Des féministes qui protestent topless, oui, mais encore ? Le mouvement de filles aux couronnes de fleurs dans les cheveux est plus complexe qu’il n’y paraît. Décryptage.
Lors de certains events spectaculaires, on en parle beaucoup. Et puis plus du tout. Les Femen refont aujourd’hui tristement l’actualité avec le suicide de l’une des co-fondatrices du mouvement, Oksana Chatchko. La jeune Ukrainienne de 31 ans a été retrouvée morte dans son appartement à Paris, ce n’était apparemment pas sa première tentative. En guise de lettre d’adieu, elle a laissé un mot dénonçant l’hypocrisie de la société et des hommes. Si le terme « Femen » implique illico dans notre esprit des filles seins nus se battant contre des flics, on connaît rarement l’histoire du mouvement… On fait le point.
L’origine des Femen ?
Elles ont fêté leurs dix ans cette année. En 2008, elles sont trois : Anna Houtsol, Oksana Chatchko et Sacha Chevtchenko. Aujourd’hui, on estime qu’elles sont environ 300. Le mouvement nait en Ukraine avec l’arrivée de l’économie de marché dans l’Europe de l’Est. Les étrangers fortunés débarquent dans le pays, les poches remplies de dollars, et l’industrie du sexe est alors en plein boom... C’est ce système qu’elles dénoncent mais les Femen luttent aussi contre le patriarcat, la religion, la corruption et l’injustice sociale au sens large. Si elles enchaînent les actions, elles se font surtout connaître du grand public en 2012. Leur but ? Dénoncer le tourisme sexuel lors de l’Euro de football en Pologne et en Ukraine. Quelques années après le lancement des Femen, Inna Shevchenko rejoint le mouvement. Aujourd'hui réfugiée en France, c’est elle qui prend le lead et des rivalités entre les filles émergent. Oksana et Sacha quittent le clan…

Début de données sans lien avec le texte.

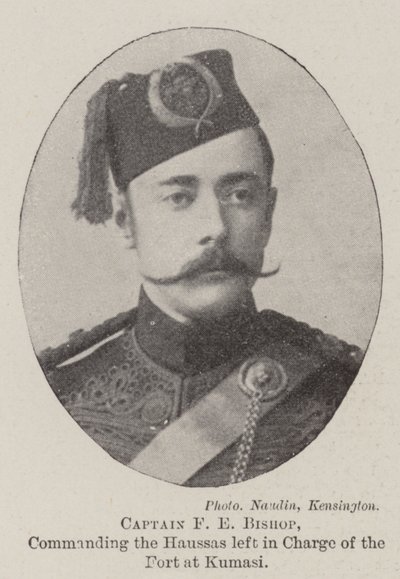 Kapitän F. E. Bishop, Kommandant der Haussas, die im Fort in Kumasi zurückgelassen wurden von English Photographer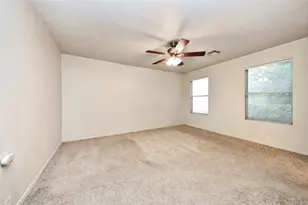 915 Grand Plains Dr, Houston, TX 77090 - Photo 30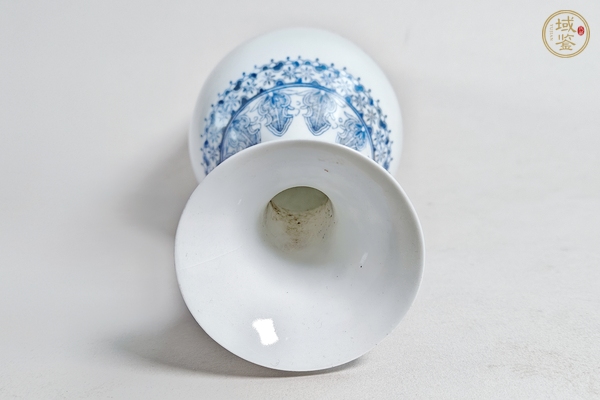 古玩陶瓷粉彩山水人物柳葉瓶真品鑒賞圖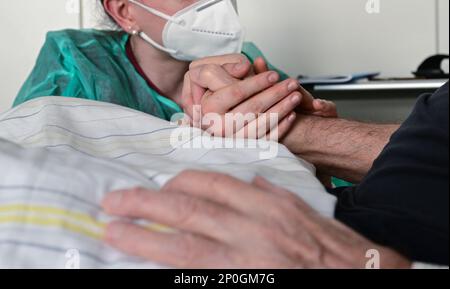 Stoccarda, Germania. 14th Feb, 2023. Un infermiere parla con un paziente in una stanza dell'ospedale di Stoccarda. Credit: Bernd Weißbrod/dpa/Alamy Live News Foto Stock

Pourquoi montrer ses boobs ?
Protester seins nus, c’est un peu la marque de fabrique des Femen. Et pourtant, les filles militaient bien plus couvertes à leurs débuts. C’est en 2010 que l’idée apparaît et Inna Shevchenko était, au départ, résolument contre. Militer topless, c’est évidemment pratique pour attirer l’attention des médias mais il n’y a pas que ça. Pour les Femen, se mettre nue est un message en soi, bien plus efficace qu’un discours contre le patriarcat. Une façon de montrer que les seins ne sont pas que des objets sexuels, mais aussi des armes politiques, et de se réapproprier leur corps. Elles en font ce qu’elles veulent, et ce ne sont pas aux hommes de leur demander de le couvrir. Leur mode opératoire, surgir dans la foule et imposer leur nudité, est d’ailleurs souvent considéré comme masculin.
Leurs actions ?
Elles sont nombreuses, et souvent spectaculaires. Celles qui ont le plus marqué les esprits ? Une mise en scène d’avortement dans une église parisienne, une apparition dans la cathédrale Notre-Dame pour fêter le départ du pape Benoît XVI (où elles ont sonné les cloches seins nus devant des touristes médusés) ou encore la destruction d’une croix catholique érigée à Kiev. Les Femen ont aussi l’habitude de se mobiliser contre des personnalités : Marine Le Pen, Dominique Strauss-Kahn, Bill Cosby, Berlusconi… Les filles prennent des risques : en 2011, alors qu’elles manifestent à Minsk devant le siège du KGB, elles sont kidnappées et torturées avant d’être relâchées dans une forêt. Un centre d’entraînement physique a d’ailleurs été créé à Paris. Les Femen se préparent à courser la police, sauter d’un immeuble…
Les critiques ?
Ce qu’on reproche aux Femen, c’est souvent de privilégier la forme plutôt que le fond. D’oublier le message derrière le show et de ne pas proposer de solutions aux problèmes qu’elles dénoncent. Qu’on soit d’accord avec leurs idées et leur façon d’opérer, ou non, elles ont au moins le mérite d’attirer l’attention du grand public sur des sujets essentiels. « Avec elles, les questions féministes sont revenues dans l'espace public » explique Bibia Pavard, historienne spécialisée en histoire des femmes, à Franceinfo. "Elles ont remis les femmes dans la rue à l'époque où le féminisme est plutôt un débat intellectuel et elles ont participé à un renouveau de l'activisme féminin ».